November 1st, 2011

Use PowerShell to Remove Duplicate Lines from a CSV File

Doctor Scripto
Scripter

Summary: Learn how to use Windows PowerShell to easily remove duplicates from a CSV file.

 

Hey, Scripting Guy! QuestionHey, Scripting Guy! I have a comma-separated value (CSV) file that comes from a Microsoft Excel spreadsheet. We use this CSV file to create new users automatically in Active Directory. The problem is that every once in a while, duplicates end up in the CSV file. As you can well imagine, this creates havoc and the import fails. I began to think about how I could ensure that the data in the CSV file is unique. I was thinking of the old-fashioned dictionary object trick I used back in the VBScript days, and I tried some things using the Windows PowerShell hashtable. The problem is it quickly got rather complicated. Next, I decided to try a similar thing using an array, and once again, things went pear-shaped. I looked on the Scripting Guys Script Repository and found a pretty cool VBScript that uses a recordset and ADO. I am guessing I could modify it, but I am hoping for something easier.

—JB

 

Hey, Scripting Guy! AnswerHello JB,

Microsoft Scripting Guy Ed Wilson here. Some things are simple, such as today’s date: 11-1-11. (That’s how we present it in the United States anyway.) In fact, this year has been one of simple dates. It began with 1-1-11, and in 10 days, it will be 11-11-11. Other things appear complicated, and then a sudden revelation shows simplicity and elegance of design.
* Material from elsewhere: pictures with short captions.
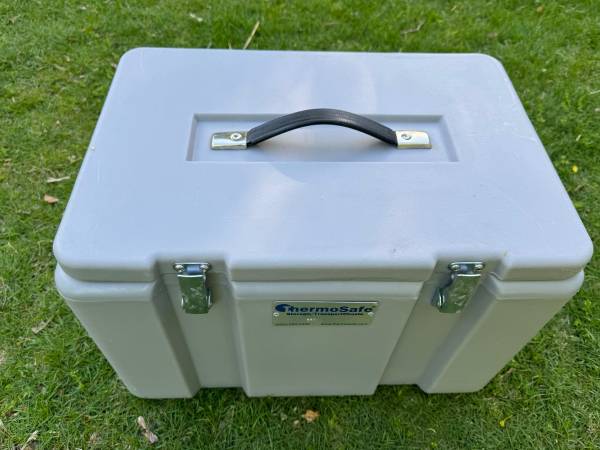 Commercial Grade Cooler Storage Insulated Field Carrier, 1 cube feet 1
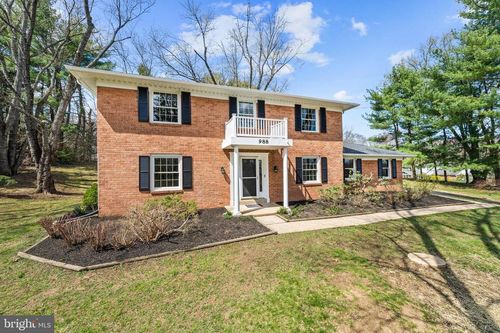 988 Sharpless Rd, Hockessin, DE, 19707-9378 | Card Image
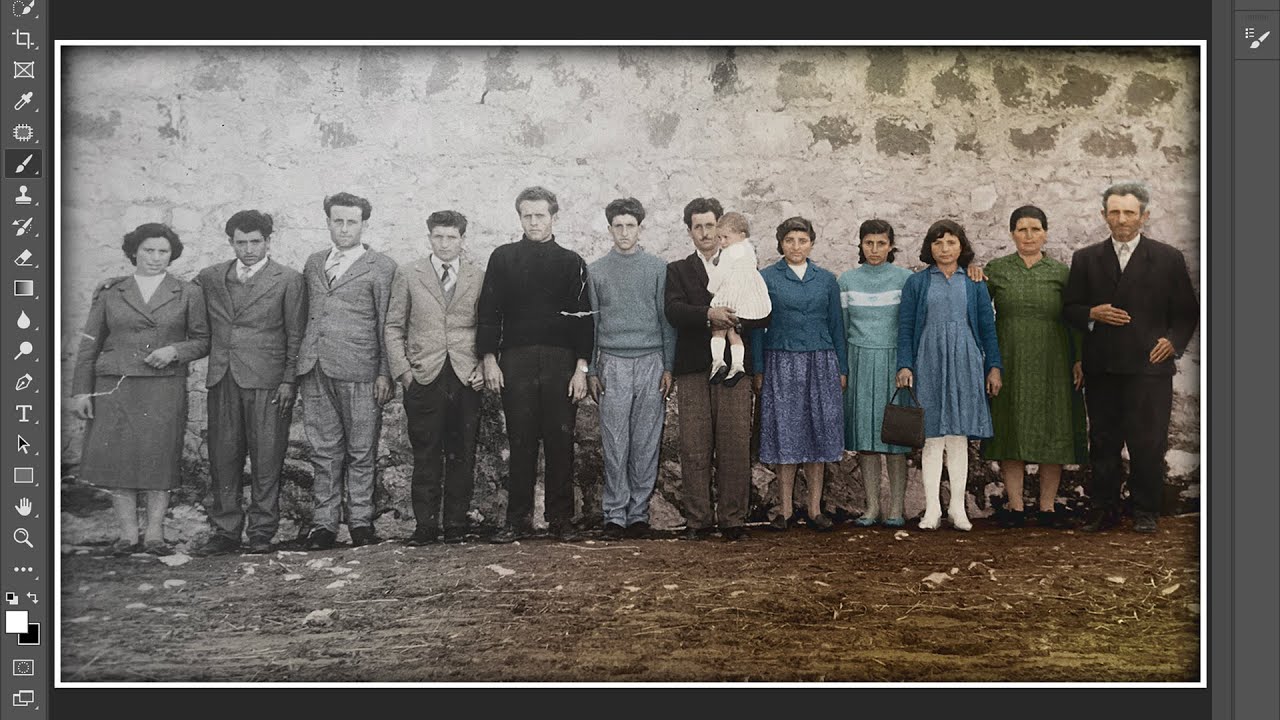 Colorizing an Old Photo with Photoshop - Time Lapse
One of the hardest things for people who formerly used VBScript as they move to Windows PowerShell is to quit thinking in terms of what they would have done in VBScript. The overriding principle in Windows PowerShell is that everything is an object. “Oh yeah,” you might say, “I know that.” But until you really know that, and until you use that as fundamental in your approach, you will not actually get it. After you really know that everything is an object, you begin to look for solutions in a new and different way—one that was not possible in VBScript or some other scripting language.

A perfect case in point, JB, is your problem with needing to remove duplicates from a CSV file. First, if I am going to work with a CSV file, I need to import it. I then need to see which properties are available. To do this, I use the Import-CSV cmdlet and the Get-Member cmdlet. In the output that follows, I see four noteproperties that correspond to the column headers from the CSV file.
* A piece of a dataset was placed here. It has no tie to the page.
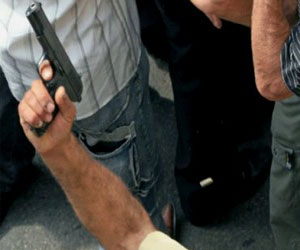   مصر اليوم - إصابة رجل أمن أردني أثناء فضه لمشاجرة في إربد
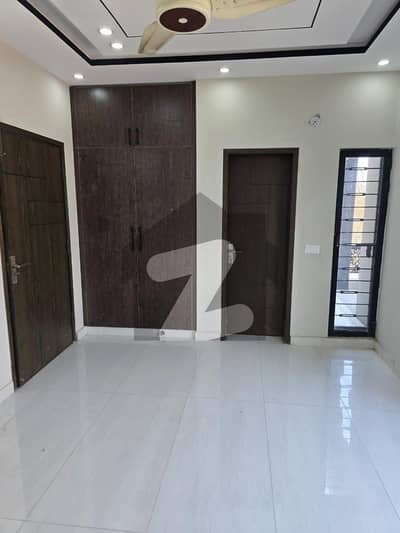 DHA RAHBAR NEAR TO PARK (P) BLOCK BEST LOCATION HOUSE IS AVAILABLE FOR SALE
PS C:\> Import-Csv C:\fso\UsersConsolidated.csv | Get-Member

 

 

   TypeName: System.Management.Automation.PSCustomObject

 

Name                           MemberType                                         Definition

Equals                           Method                                                 bool Equals(System.Object obj)
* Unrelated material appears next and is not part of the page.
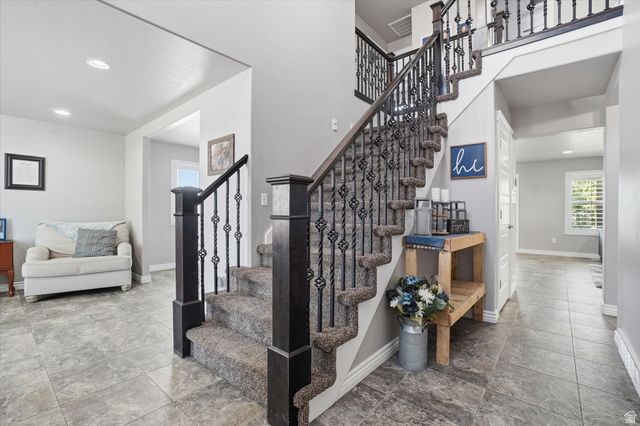 529 W 3100 S, Syracuse, UT 84075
GetHashCode                Method                                                 int GetHashCode()

GetType                        Method                                                 type GetType()

ToString                        Method                                                 string ToString()

Fname                           NoteProperty                                        System.String Fname=Ed

Group                           NoteProperty                                        System.String Group=Engineering

Lname                           NoteProperty                                        System.String Lname=Banti

OU                               NoteProperty                                        System.String OU=Atlanta

 

I now need to decide which duplicates I want to remove. Obviously, I do not want to remove duplicate group names or OU names. I only want to remove duplicate first name and last name combinations. It is okay to have a duplicate first name, and it is okay to have a duplicate last name—just not a duplicate first name/last name combination. I therefore need to sort the output by lname (last name) and fname(first name) columns. To do this, I use the Sort-Object cmdlet. This command is shown here (sort is actually an alias for Sort-Object):

Import-Csv C:\fso\UsersConsolidated.csv | sort lname,fname

The command to sort an imported CSV file and the associated output is shown in the following figure.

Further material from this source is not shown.